Hordeum. All of the analyzed loci proved Hordeum to be an independent group. Moreover, the analysis separated the representatives of the H (diploid H. bogdani), I (diploid or tetraploid H. bulbosum) and Xu (diploid H. glaucum, teraploid H. murinum) genomes. This division corresponds to sections Campestria Anderson, Cerealia Anderson and Trichostachys Dumortier respectively (Yen et al. 2005). Furthermore, the obtained results are consistent with the previous studies of chloroplast or nuclear DNA sequences (e.g. Blattner 2009, Naghavi et al. 2013). Within each of the analyzed loci the tetraploid H. murinum specimens from Central Europe were the same as their probable progenitor—the diploid H. glaucum. Therefore, in the present study a close relationship of the Xu-genome taxa is evident although some differences between H. murinum and H. glaucum were found within the trnL-trnF locus by Jakob and Blattner (2010).

DNA barcoding

DNA barcoding aims at identification of organisms to the level of species. None of the here analyzed loci allows identification of species or even genera carrying genomes E b, E e and St (Elymus, Lophopyrum, Pseudoroegneria, Thinopyrum). The only exception is one substitution mutation within matK that is typical for the diploid T. bessarabicum (E b). Such species-specific mutations were already reported for the chloroplast genome. Mahelka et al. (2011) separated L. elongatum and T. bessarabicum from P. strigosa on the basis of the trnL-trnF sequences. Mason-Gamer (2013) found chloroplast mutations that separated E. caninus and E. repens from L. elongatum, T. bessarabicum and P. strigosa. Ni et al. (2011) differentiated L. elongatum from T. bessarabicum and the St clade on the basis of the trnT-psbC sequence.

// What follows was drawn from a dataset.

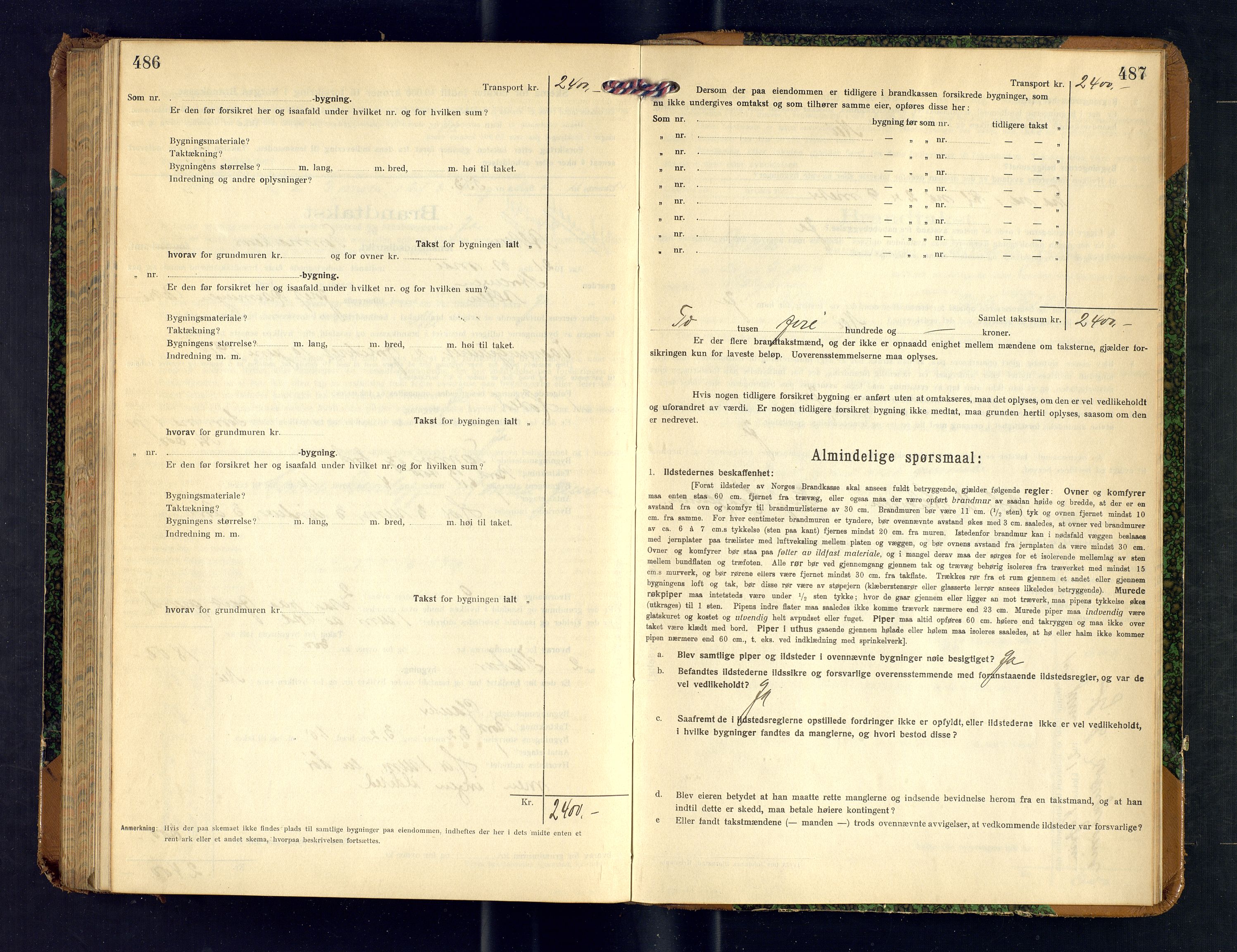 Alta lensmannskontor, AV/SATØ-S-1165/O/Ob/L0173: Branntakstprotokoll, 1919-1921, p. 486-487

Similarly, the analyzed in this study specimens of P. juncea and L. arenarius showed identity within the matK and rbcL sequences. Nevertheless, some differences between genera Psathyrostachys and Leymus were found in other cpDNA loci—e.g. trnH-psbA and rps16-trnK (Culumber et al. 2011).

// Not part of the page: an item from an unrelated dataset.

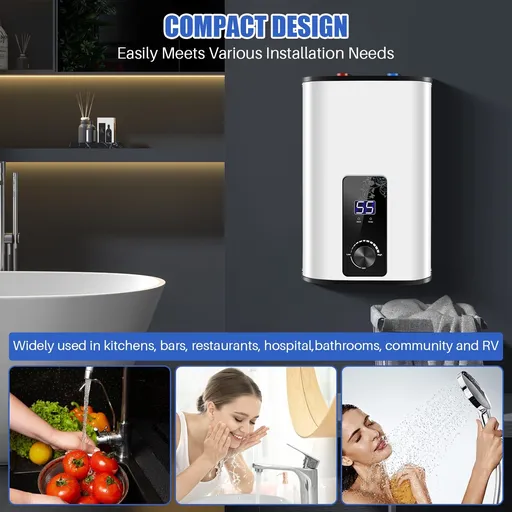 Small  Electric Tank Water Heater With Digital Display For Kitchen Bathroom Home 1500W 110V 95°F-167°F Adjustable 2.6 Gallon 10L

The analyzed markers can be used to identify representatives of the various Hordeum genomes, i.e. I (H. bulbosum), H (H. bogdani) and Xu (H. murinum, H. glaucum). None of these markers allowed distinguishing between diploid H. glaucum and tetraploid H. murinum within the Xu group, although earlier mutations differentiating these taxa were found at the trnL-trnF locus (Jakob and Blattner 2010). Both Hordelymus and Taeniatherum exhibited unique polymorphisms within the matK and rbcL loci, while with respect to the trnH-psbA sequence, Hordelymus remained independent from other taxa and Taeniatherum was indistinguishable within the E-St clade.

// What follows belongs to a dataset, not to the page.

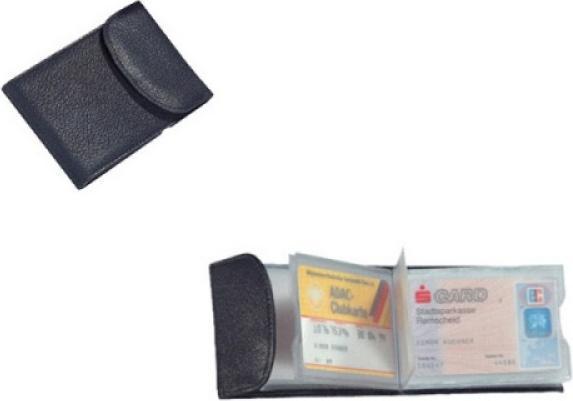 Kredit- und Visitenkartenetui, Leder, schwarz mit Druckknopfverschluss, für ca. 10 Karten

The trnH-psbA locus in DNA barcoding of Triticeae

The density of substitutions identified within the trnH-psbA spacer was the lowest among the three analyzed loci. The major contribution of the trnH-psbA analysis to the here-reported species identification was separation of L. arenarius from P. juncea on the basis of a single substitution mutation. It is also worthwhile to mention the species-specific deletions found in the trnH-psbA sequence of P. juncea, T. caput-medusae and T. bessarabicum. Although these polymorphisms were removed from the alignment, as routinely they are not used in phylogenetic analysis—they can serve as very useful diagnostic tools in the DNA barcoding context. Another interesting feature of the examined trnH-psbA sequence was the presence of a minute (6 bp) inversion mutation. This inversion is located in between the inverted repeats of approx. 20 bp and shows intra-specific variation in five of the analyzed species: H. europaeus, H. bogdani, P. strigosa, T. junceiforme and T. intermedium. According to Kim and Lee (2005) such small inversions are very common in the chloroplast genomes of land plants and likely result from intra-molecular recombination of the surrounding inverted sequences. These authors also reported that within Jasminum elegans both orientations of such inversion were present. Another inversion of this type was found by Whitlock et al. (2010) at the trnH-psbA spacer in Gentianaceae. Our results show plasticity of a similar polymorphism across the whole range of taxa indicating that cpDNA sequence data must be carefully inspected for the presence of small inversions to avoid species misidentification.